Having groped in the dark, having retreated, having nearly failed, two thus succeeded. Yes, two invented a veritable single currency, but only after a thousand crises, setbacks, temporary repeals; and thanks to courageous leaders, who understood that a currency can only exist if sustained by truly common policies on budgets, taxation, the allocation of resources, labour laws, and all of the rules of the social game.

This is the story of the German gold mark, which prevailed, almost 40 years after the Zollverein of 1834, over the florins, thalers, Kronenthalers and other marks of the Hanseatic cities; and it is also the story of the dollar, which — and we cannot say this enough — took 120 years to establish itself, and only truly came of age when it was decided to federalise the debt of the individual states of the Union.

The theorem is ineluctable.

Without federation, no single currency.

Without political unity, the currency will last for a few decades, and then, in the event of a war or a crisis, will crumble.

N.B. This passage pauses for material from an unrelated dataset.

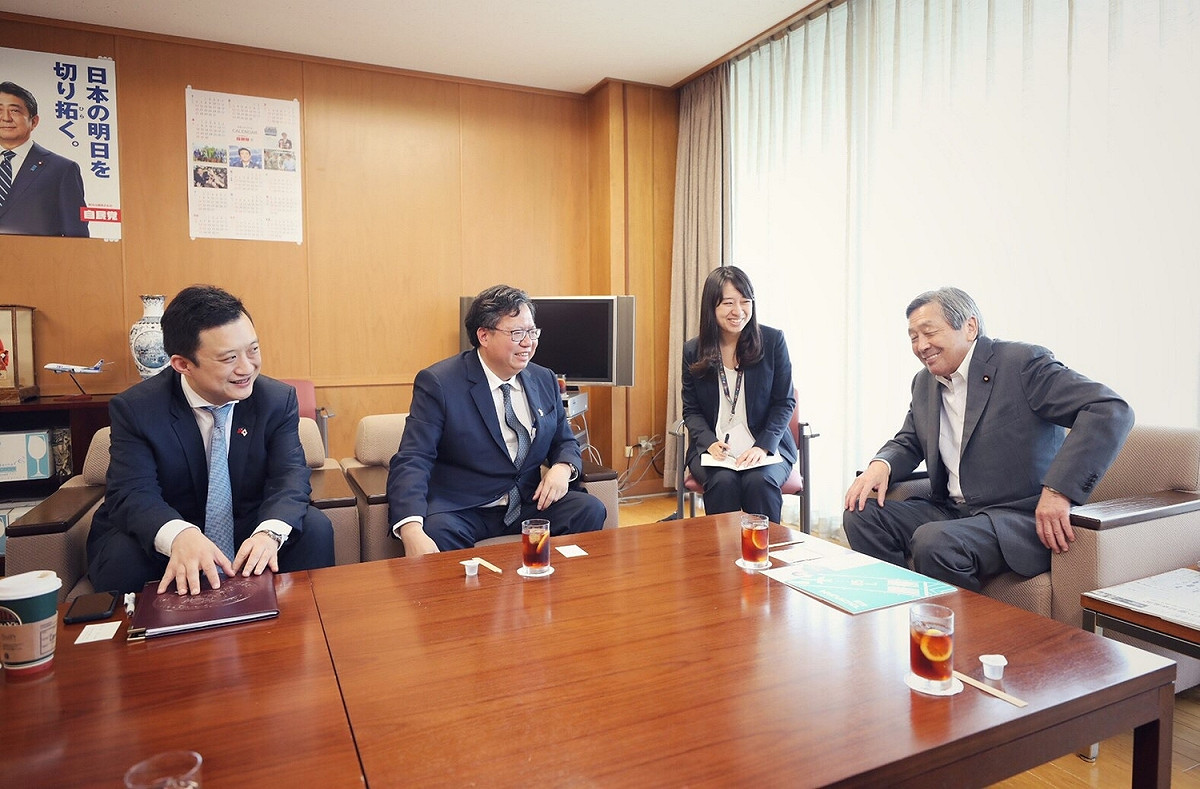 桃園市長鄭文燦拜會日本自民黨幹事長代理林幹雄。 圖：桃園市政府/提供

Without progress, in other words, towards the political integration identified as an obligation in every European treaty, but which no political leader, whether in France or Germany, appears to take seriously; without the surrender of competencies by nation states and an outright defeat of the "sovereigntists" who in reality are pushing peoples towards isolation and disaster, the euro will fall apart just as surely as the dollar would have done if the Confederate forces, for example, had won the American Civil War.

In days gone by, people used to say socialism or barbarism.

Today we must say: political union or barbarism.

Or better still: federalism or fragmentation — and with fragmentation, social regression, job insecurity, massive unemployment and poverty.

Or better still: Europe will either achieve the political integration without which no common currency has ever endured, or it will step out of history and sink into chaos.

We no longer have a choice: it is either political union or death.

All the rest — the ritual incantations of some, the short-term deals of the other, the solidarity fund thingy and stabilisation bank gizmo — will only serve to delay the moment of truth and prolong the illusion that the dying patient can still recover.